By using interest earned on AML funds that coal companies already set aside for the reclamation of abandoned mine sites, we were able to make sure taxpayers are not on the hook for miners' health care benefits while also preserving the reclamation goals of the underlying AML fund.
Today we're in a position to use this successful approach again. And that's just what I'm pushing for on behalf of thousands of West Virginians facing the very real possibility of seeing their pension fund become insolvent and losing their retiree health care benefits altogether unless Congress takes action.
The UMWA pension plan, which provides benefits to 111,550 miners and retirees nationwide including 35,170 in West Virginia, is on the verge of insolvency largely because of the 2008 financial crisis. Another plan that provides retiree health care benefits to a newer generation of miners is at risk because of the recent bankruptcy filing of Patriot Coal Corporation.
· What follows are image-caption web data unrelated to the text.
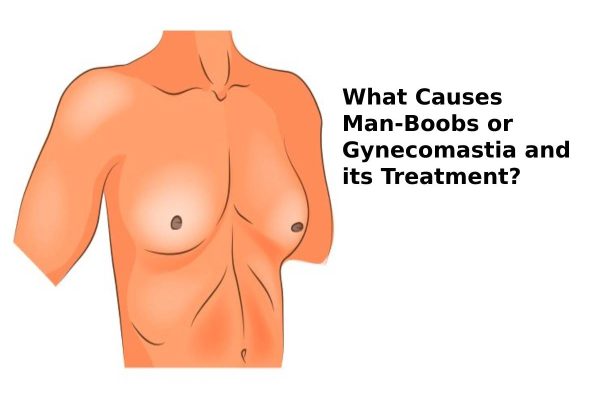 What Causes Man-Boobs or Gynecomastia and its Treatment?
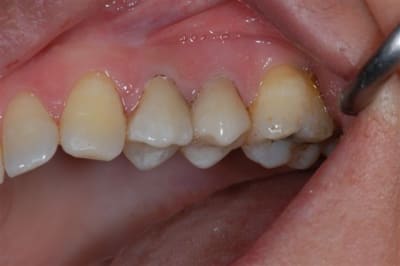 Dsc 0002 x8hc8e - Eugenol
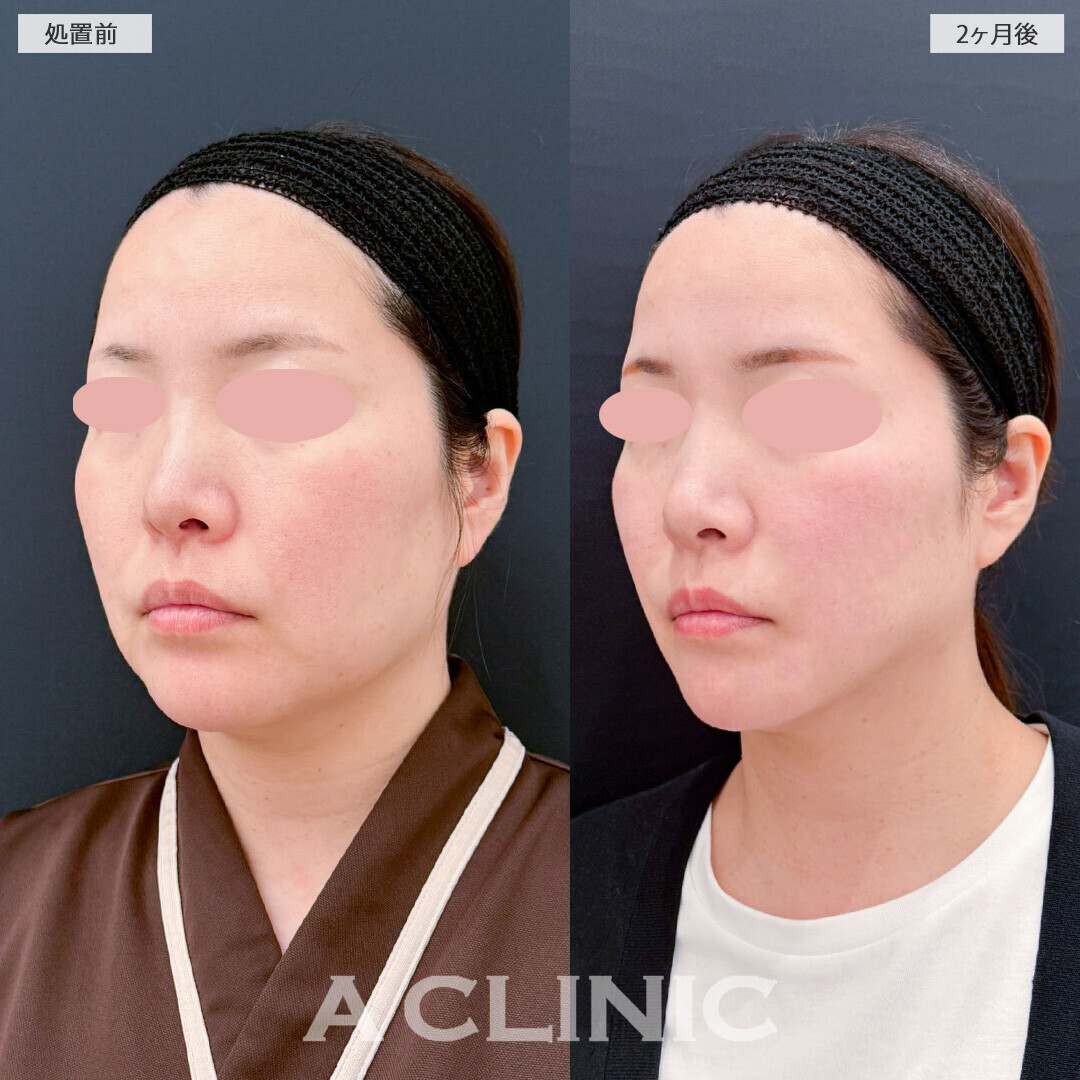 1day小顔脂肪吸引と小顔エラボトックスで若返り効果も抜群！処置前と2ヶ月後の症例です(40代女性)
Through spin-offs and acquisitions, Patriot assumed responsibility for health care benefits of thousands of retirees. Most of them have never worked for Patriot, and through no fault of their own have seen their benefits placed at risk because of the company's bankruptcy.
Should Patriot shed its obligations to retirees -- which I've told the company would be severely unjust -- the health benefit plan many of these retirees would be eligible for wouldn't be able to assume the added costs.
That means 7,000 West Virginians -- Patriot beneficiaries and others under the plan -- would lose their health care coverage.
We simply can't let that happen. We can't go back on our word to coal miners who have worked their entire careers under the promise of a secure retirement and lifetime health care benefits. That's why I pledged to the retirees to do everything possible to help.
I've already introduced a proposal to shore up the pension plan by using interest earned on AML funds. And I'm working hard on additional solutions to hold employers accountable for the promises they make to their retirees, and to protect benefits for retired miners when their companies go bankrupt.
This is a new fight in a decades-long effort to make sure our miners and their loved ones get the benefits they worked for, count on and absolutely deserve. Passage of the Coal Act 20 years ago was a profoundly important moment -- one I am proud and humbled to have led -- that preserved a deeply sacred pledge to the hardest working people I've ever known.
Today brings another challenge -- and another opportunity to carry that promise forward.